Во время третьего свидания Таня заметила, что Костя Сумец чем-то встревожен. Казалось, ему не терпится рассказать ей нечто важное, но он не решается, и оттого так отрывочны и незначительны все произносимые им фразы.
Она ждала, внешне оставаясь спокойной, но все более проникаясь непонятным Костиным волнением. И в какую-то минуту он внезапно выдохнул:
— Таня, готовится облава…
— Да? — Таня говорила размеренным, почти ледяным тоном. — Кто же мог вам это сообщить?
— Кошевой, наш старший писарь. Мне очень хотелось сказать про это именно вам, Татьяна. Именно вам… Ведь могут погибнуть люди. Очень хорошие люди. Как дать им знать?
— И вы надеетесь сделать это через меня?
— Но, Таня…
— Хорошо, — отрывисто произнесла Таня. — Расскажите все по порядку. Кто он таков — этот ваш Кошевой? Может, просто сболтнул спьяну?
— Я вам вполне доверяю, — подчеркнуто произнес Костя, — поэтому расскажу все. Кошевой — сын бывшего кулака, в свое время сосланного Советской властью. Кошевой власть недолюбливал, все годы держал обиду…
— Прекрасная биография, — сказала Таня. — Знаете, вы пробудили во мне удивительное чувство доверия к вашему Кошевому.

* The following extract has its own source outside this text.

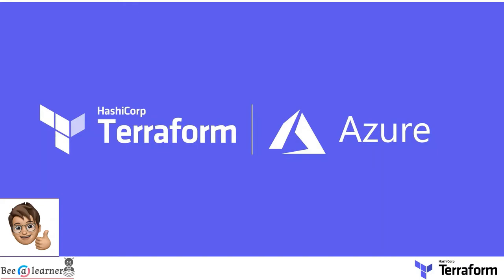Hey guys, welcome to Be a Learner. Here in this session we are going to discuss HashiCorp Terraform with Azure. The objective of this session is to start using HashiCorp Terraform and write your own infrastructure as code into Azure.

— Погодите, Таня, ведь я еще только начал. Выслушайте меня.
— Охотно.
Огорченный насмешливым Таниным тоном, Костя и не догадывался, как интересовало девушку все связанное с Кошевым. О писаре из штаба Тане уже рассказывали и Сергей Ковалев, и Тамара Синица. Немало нелогичного было в его поступках: обласканный начальством, он в то же время нередко, будто нарочно, выбалтывал тот или иной секрет, причем не был похож ни на беспечного болтуна, ни на провокатора. Как знать, возможно, нынешний разговор с Костей что-то прояснит. И Таня повторила, уже без тени насмешливости:
— Охотно выслушаю. Говорите.
Сумец начал рассказывать, как люто ненавидит писарь Кошевой своих хозяев — фашистов. Писарь штаба, он знает многое такое, что неизвестно даже некоторым командирам. И он сказал однажды, что готов от всей души помочь и партийному подполью и партизанам, хотя сам перейти к ним вряд ли решился бы. Ему, Косте, сказал, потому что они давно уже подружились. Пароль Костя тоже узнаёт каждый день от Емельяна Кошевого.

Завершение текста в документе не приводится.